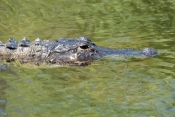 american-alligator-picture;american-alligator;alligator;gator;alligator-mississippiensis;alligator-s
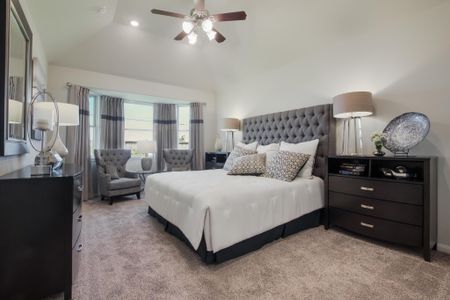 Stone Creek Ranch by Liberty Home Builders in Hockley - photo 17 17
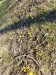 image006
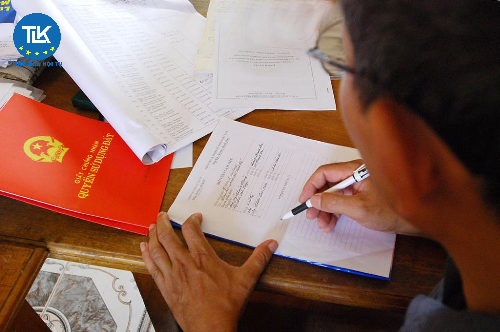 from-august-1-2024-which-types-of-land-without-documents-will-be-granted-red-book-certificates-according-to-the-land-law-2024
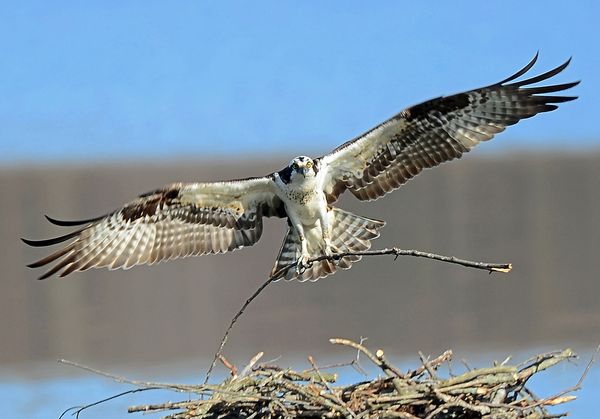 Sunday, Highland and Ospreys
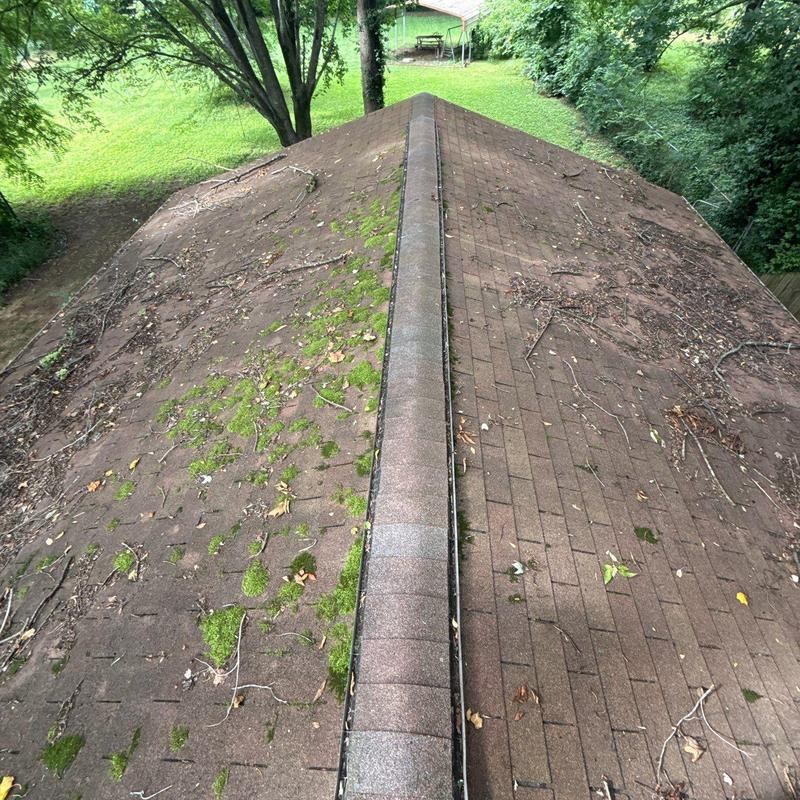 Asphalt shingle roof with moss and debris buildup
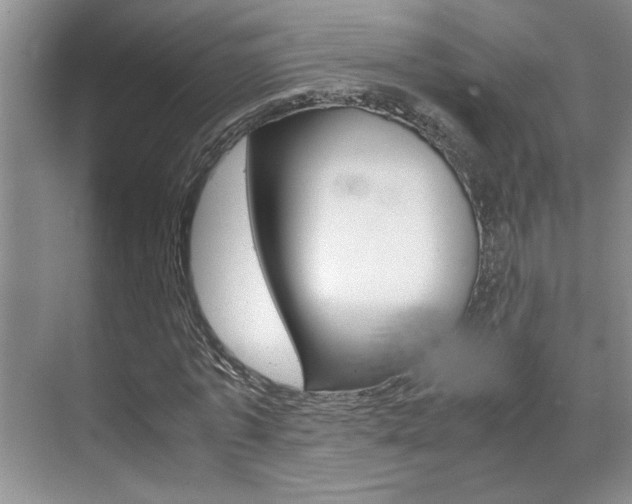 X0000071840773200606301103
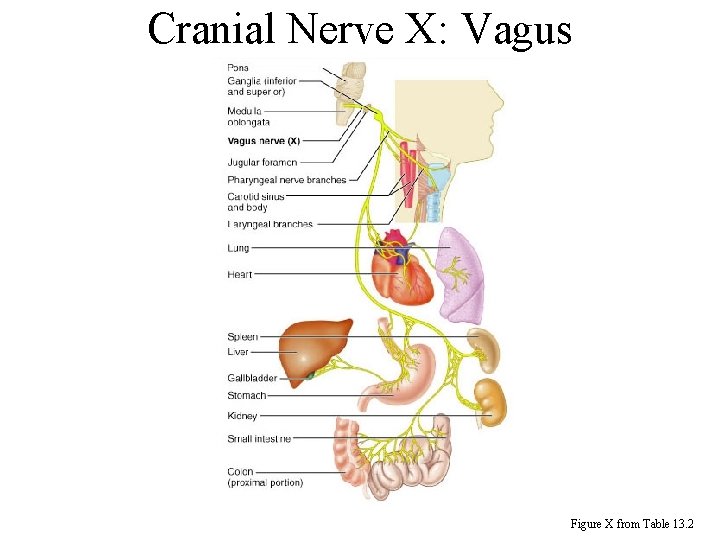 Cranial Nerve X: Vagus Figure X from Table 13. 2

WHAT IS EXPECTED> Line by line, write out the records above exactly, skipping the pictures.

EXERCISE OUTPUT>
 american-alligator-picture;american-alligator;alligator;gator;alligator-mississippiensis;alligator-s
 Stone Creek Ranch by Liberty Home Builders in Hockley - photo 17 17
 image006
 from-august-1-2024-which-types-of-land-without-documents-will-be-granted-red-book-certificates-according-to-the-land-law-2024
 Sunday, Highland and Ospreys
 Asphalt shingle roof with moss and debris buildup
 X0000071840773200606301103
 Cranial Nerve X: Vagus Figure X from Table 13. 2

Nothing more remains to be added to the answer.